We provide below a summary of the key proposed amendments.

1. Expansion of the scopte of permanent establishment of non-resident/foreign corporation

A. Strengthening of the requirement for places where certain activities are conducted that are excluded from the definition of permanent establishment (Article 94(4) and (5) of the Corporate Income Tax Law (the “CITL”), Article 133(3) of the Presidential Decree of the CITL, Article 120(4) and (5) of the Personal Income Tax Law (the “PITL”), and Article 180 of the Presidential Decree of the PITL)

Under the current law, the scope of permanent establishment (“PE”) included in the CITL or PITL does not include any of the following places: i) places used by a foreign corporation only for purchasing assets; ii) places used by a foreign corporation only for storing or keeping assets not for sale; iii) places used by other persons only for processing a foreign corporation’s own assets; and iv) places used by a foreign corporation for advertisement, publicity, gathering and providing information, market research, or for performing other preparatory and auxiliary business activities (hereinafter, the “places where certain activities are conducted”).

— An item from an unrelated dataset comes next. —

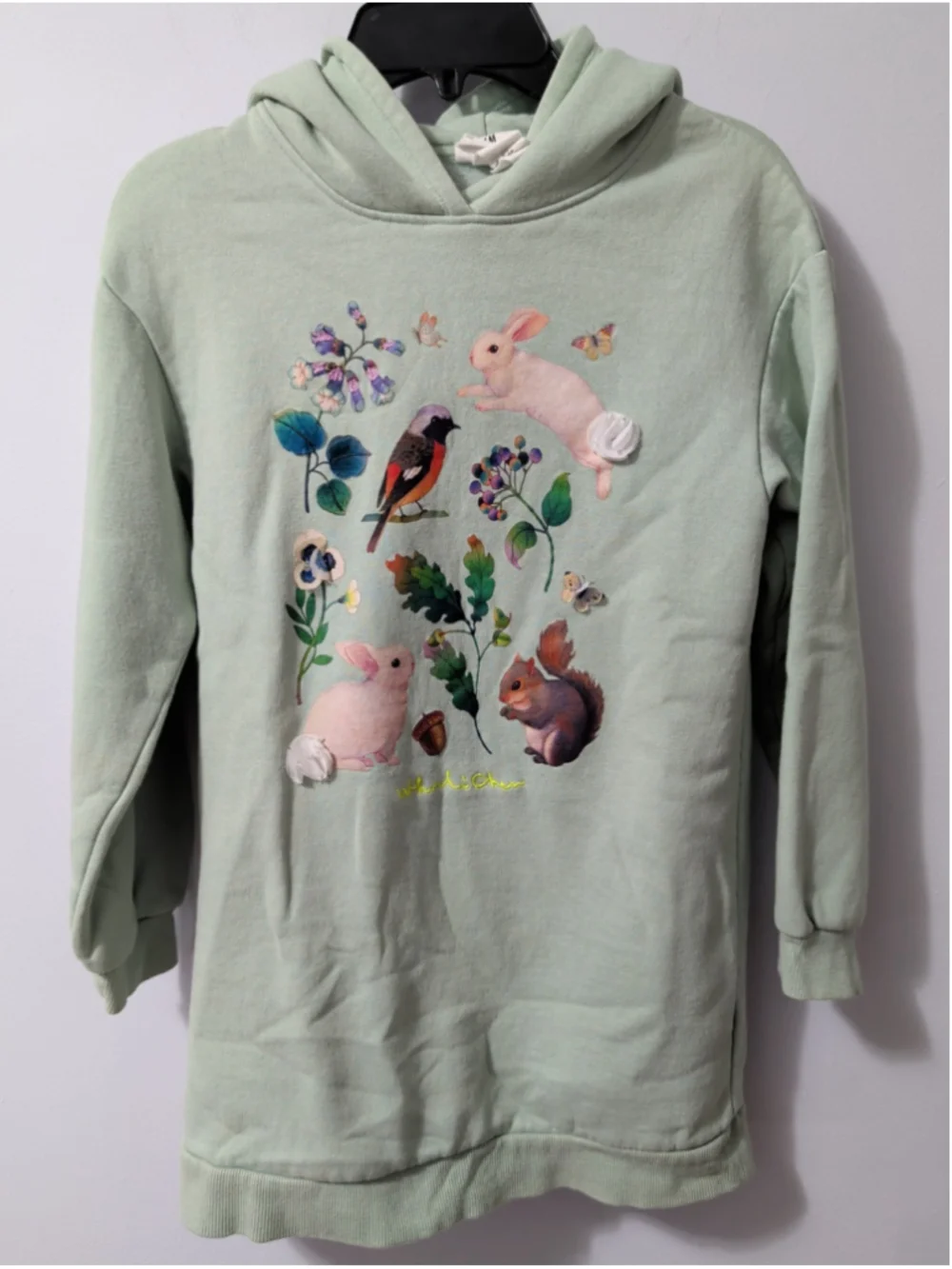 H&M Green Nature Animal Hoodie Sweatshirt Hooded Dress Woodli Chem 3D 8-10 Girls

According to the 2018 Tax Amendments, even if activities conducted at the “places where certain activities are conducted” are preparatory and auxiliary in nature, such places fall under a PE, if any one of the following conditions is met.

  • If the below conditions are all met:

- A PE of the relevant non-resident/foreign corporation or its related party exists at the same place as the “places where certain activities are conducted” or at another place in Korea.

- Activities conducted at the “places where certain activities are conducted” are complementary to business activities conducted at the PE of the relevant non-resident/foreign corporation or its related party.

  • The overall activity resulting from the combination of the activities carried on by the relevant non-resident/foreign corporation or its related party at the “places where certain activities are conducted” is complementary, and is not of a preparatory and auxiliary character.

With the expansion of the scope of the PE of non-resident/foreign corporation, it is expected that Korean tax authorities will more frequently try to impose tax on non-residents and foreign corporations based on the existence of permanent establishment. Although, in principle, the amended domestic tax law cannot take priority over the existing relevant tax treaty before the corresponding phrases of the relevant tax treaties are amended, the possibility that the tax authority may apply the substance over form principle in determining a PE even under the existing tax treaty cannot be excluded.

B. Expansion of the scope of dependent agent and clarification on types of contracts applicable to determination of dependent agent (Article 94(3) of the CITL and Article 120(3) of the PITL)

Under the current law, any person who has the authority to conclude contracts in Korea on behalf of a non-resident or a foreign corporation and repeatedly exercises such authority is considered a dependent agent and thus falls under a PE of such non-resident or foreign corporation.

As a result of this amendment, even if the agent does not have the authority to conclude contracts, where the agent repeatedly plays the principal role leading to conclusion of contracts that are routinely concluded without material modification by the principal (non-resident/foreign corporation), such agent is considered a dependent agent PE. In addition, the types of contracts that are applicable in determining a dependent agent PE have been clarified as (i) contracts in the name of non-resident/foreign corporation, (ii) contracts relating to the transfer of ownership or the grant of the right to use intangibles held by non-resident/foreign corporation, and (iii) contracts relating to provision of services by non-resident/foreign corporation.

With the expansion of the scope of the PE of non-resident/foreign corporation, it is expected that taxation against non-residents or foreign corporations with respect to the deemed PE will be more easily made and that the tax authority will more frequently try to impose tax on non-residents or foreign corporations with respect to their PEs.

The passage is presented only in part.